Patent Abstract:
Wheel disc, comprising a radially outer circular assembling part, a radially inner fixing and centering part with a bearing region comprising a given number of fixing apertures and ending radially inwardly with a centering vent, and arms connecting the inner and outer parts, each arm being disposed substantially opposite to one of the fixing apertures and the radially inner free edges of the radially outer circular part defining with the lateral free edges of the arms perforations, in which, in order to reinforce each arm mechanically, a pocket is housed, set back axially inwards relative to the outer face of the disc and in which a yoke connects each arm to the centering vent.

Full Description:
This application is a continuation of International Application PCT/EP02/13078 filed on Nov. 21, 2002 and which claims priority of Patent Application Serial No. 01/15560 filed in France on Nov. 23, 2001, the entire content of which is hereby incorporated by reference. 

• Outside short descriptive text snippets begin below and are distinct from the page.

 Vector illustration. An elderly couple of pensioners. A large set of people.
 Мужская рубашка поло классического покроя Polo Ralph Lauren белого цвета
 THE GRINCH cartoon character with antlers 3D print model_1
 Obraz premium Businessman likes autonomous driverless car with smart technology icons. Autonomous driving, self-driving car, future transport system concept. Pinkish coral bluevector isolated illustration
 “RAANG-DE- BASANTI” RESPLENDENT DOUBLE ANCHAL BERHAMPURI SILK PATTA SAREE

   BACKGROUND OF THE INVENTION 
   The invention relates to a motor vehicle wheel disc with arms, in particular for passenger car, formed in one piece from embossed sheet metal, which represents an excellent compromise in terms of weight, cost, style or freedom of possible added styling (decorative wheel cover for example). 

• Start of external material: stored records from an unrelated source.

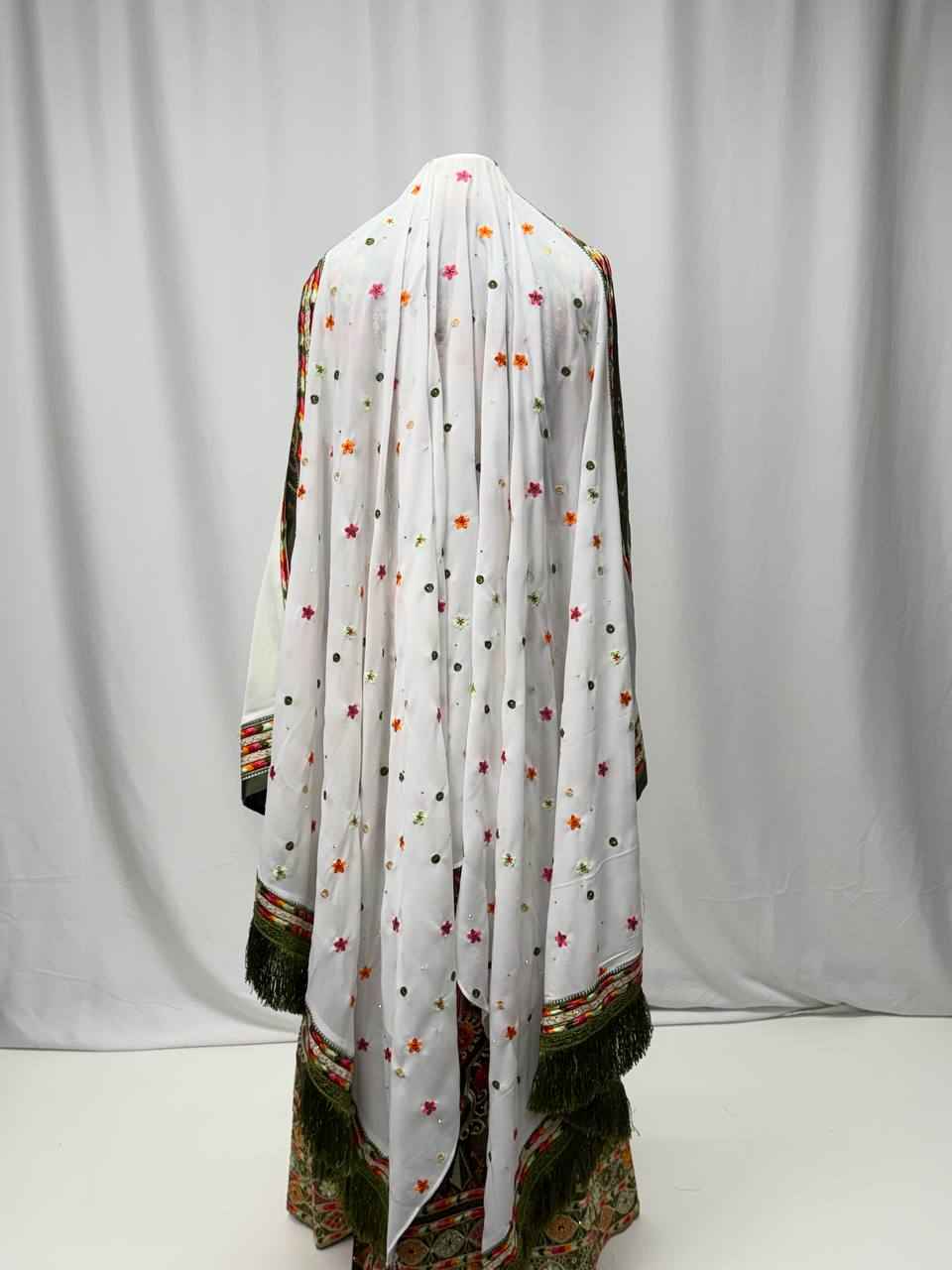 Rahaf Embroidered Fringe Shawl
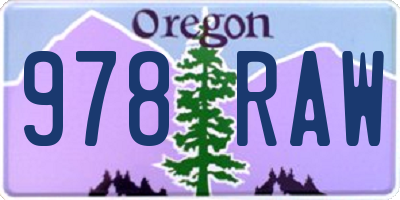 OR license plate 978RAW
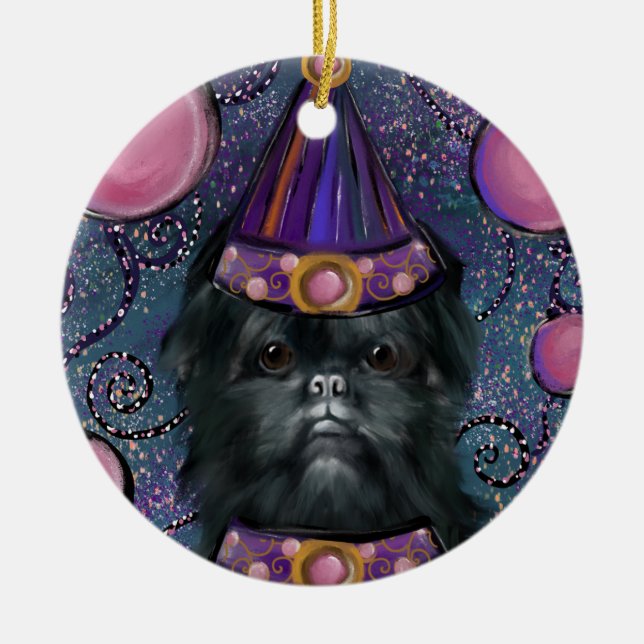 Affenpinscher Julgransprydnad Keramik (Framsidan)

   In the designing of a sheet metal wheel for a motor vehicle, the general aim is to optimise the weight and cost of such a product. The development of embossing techniques, numeric simulation means, and materials has led to great progress over the last few years. However, the majority of products has remained within the concept of a substantially axisymmetric disc (i.e. one whose cross-sectional profile is virtually fixed in form), comprising perforations and sometimes embossing in the upper part. 
   This type of profile does not give the product a very enhanced style or image, which explains in most cases why manufacturers resort to a decorative wheel cover placed on the product when it is mounted on the vehicle. 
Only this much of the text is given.